I copied and pasted the below and now EVERY TIME I close my laptop. It freezes and I must hold down the power button for a hard reboot.
HELP Please
Also, do not send such an email unless the instructions are fail proof.
sudo apt update && sudo apt upgrade -y && sudo apt-get install linux-oem-22.04 && echo “options snd-hda-intel model=dell-headset-multi” | sudo tee -a /etc/modprobe.d/alsa-base.conf && gsettings set org.gnome.mutter experimental-features “[‘scale-monitor-framebuffer’]” && sudo sed -i ‘s/^GRUB_CMDLINE_LINUX_DEFAULT.*/GRUB_CMDLINE_LINUX_DEFAULT=“quiet splash module_blacklist=hid_sensor_hub nvme.noacpi=1”/g’ /etc/default/grub && sudo update-grub &&
echo “[connection]” | sudo tee /etc/NetworkManager/conf.d/default-wifi-powersave-on.conf && echo “wifi.powersave = 2” | sudo tee -a /etc/NetworkManager/conf.d/default-wifi-powersave-on.conf
Did you read the commands and understand what they were doing? My guess is not. This is Linux, you are ultimately repsonsible for the health of your system, and no instructions will ever be foolproof simply because of the number of different potential hardware configurations. So you copy and pasted without doing your homework and you broke your system. You are responsible, no one else. Get that straight.
Sorry for being harsh but really no one else typed in your sudo password.

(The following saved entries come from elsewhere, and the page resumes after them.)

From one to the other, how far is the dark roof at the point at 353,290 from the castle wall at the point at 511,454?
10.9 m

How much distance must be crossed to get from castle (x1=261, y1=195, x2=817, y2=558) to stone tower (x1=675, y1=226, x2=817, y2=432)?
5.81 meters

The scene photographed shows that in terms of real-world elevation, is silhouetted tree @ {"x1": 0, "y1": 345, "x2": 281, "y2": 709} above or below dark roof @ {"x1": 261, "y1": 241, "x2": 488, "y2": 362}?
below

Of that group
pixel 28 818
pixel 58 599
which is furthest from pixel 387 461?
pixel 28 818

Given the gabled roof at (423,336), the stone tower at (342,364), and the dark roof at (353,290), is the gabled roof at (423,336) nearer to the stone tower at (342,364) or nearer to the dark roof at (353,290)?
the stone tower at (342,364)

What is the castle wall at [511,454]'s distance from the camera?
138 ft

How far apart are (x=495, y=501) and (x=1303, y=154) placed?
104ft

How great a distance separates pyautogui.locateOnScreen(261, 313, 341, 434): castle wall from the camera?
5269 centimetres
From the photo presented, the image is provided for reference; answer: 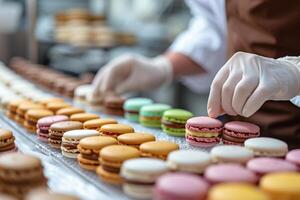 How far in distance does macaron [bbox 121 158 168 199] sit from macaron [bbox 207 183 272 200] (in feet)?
0.46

That being said edit /etc/default/grub and remove the nvme.noacpi=1 from the GRUB_CMDLINE_LINUX_DEFAULT line. Then sudo update-grub and it should rebuild the grub configuration so the change takes hold. Then reboot. A number of drives have an issue with that kernel parameter. Also verify your firmware on your drive is up to date… my guess is it is one of the Western Digital drives…lastly I generally recommend making sure you have the latest stable BIOS.
Finally are trying to run the laptop with the lid closed or is it crashing when you open it? Regardless the above kernel parameter is what is likely causing suspend to break. If you don’t want it going into suspend when the lid is closed you will simply need to turn that off in gnome-tweak or by editing some settings in sytemctl. Anyway hope that helps.
@nadb Thank you for your reply. That seems to have fixed it.
I did, infact, lookup every item in the change list and felt that I understood the intent. I appreciate your sentiment. I was a code contributor to kernel code on AT&T System V and BSD 4.1. I fully confess to be a backend UNIX person with 40 years of coding and system admin.
The frontend systems - especially laptop hardware, have always been a ‘consumer’ experience for me on UNIX systems - they remain so. I run 20 commits every day, and not one ‘desktop’ commit in 40 years. So forgive me, please, for asking for help.
By using the word ‘foolishly’ in my comments, I had thought that I would prevent the kind of scolding you gave.
Thank you for the fix. It seems to have worked thus far.
Again, I would like to point out, these instructions were sent in an email from Framework in an email on 15 February. I see that there has been no comment on that fact.
I will now treat all such online guides at Framework, even apparently fully vetted ones, with grave suspicion.
Lol. Sorry. My Archlinux roots are showing. Linux Sysadmin, can’t afford to break stuff in production so I like to be extra sure before I pull the trigger on anything…especially when I don’t have a test host to break instead. Anyway feel free to tag me if you run into any other odd issues.
These guides are used all day, every day by myself and others without incident. That said, there are occasions where something needs to be removed to resolve an issue.
As @nadb points out, there are some drives that don’t behave kindly with nvme.noacpi=1 - I’ve not run into it personally, but nabd’s instructions are sound and will eliminate something that may be negatively affecting your installation.
And that is your right. However, we use these all day, every day and they are heavily vetted and tested. This, sounds like a reaction to a current user config or a specific drive. I’d start by reading through nadb’s suggestions.
But on clean installations, the guides work and have been demonstrated to work reliably in most situiations.